● **TO DO**
Starting at the line holding "Yellow-fronted Canary ,der Rücken" and finishing at the line holding "Fig Tree Leaves- 16", transcribe the material exactly, keeping both ends but no pictures.

● **EXCERPTED DATA**

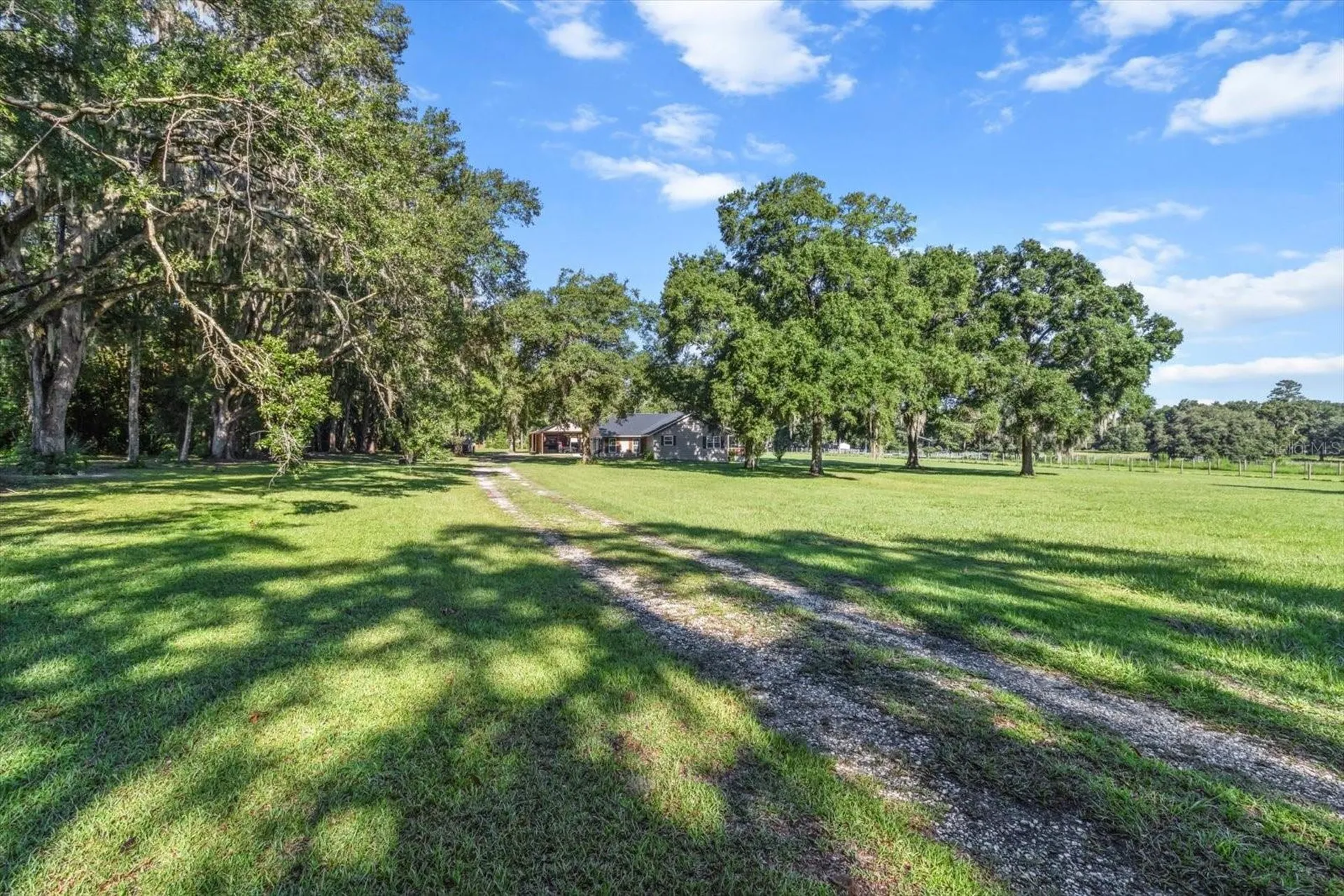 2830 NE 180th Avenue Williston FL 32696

==

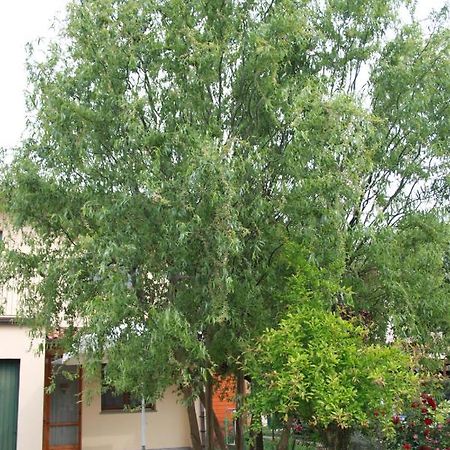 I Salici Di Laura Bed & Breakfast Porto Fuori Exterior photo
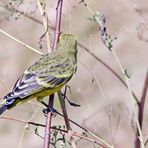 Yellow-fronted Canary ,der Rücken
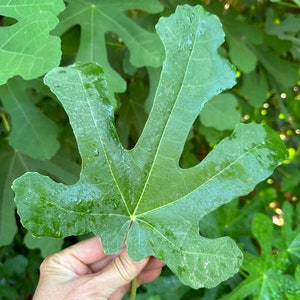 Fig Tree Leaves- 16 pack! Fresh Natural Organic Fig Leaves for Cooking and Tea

● **WRITTEN RESPONSE**
 Yellow-fronted Canary ,der Rücken
 Fig Tree Leaves- 16 pack! Fresh Natural Organic Fig Leaves for Cooking and Tea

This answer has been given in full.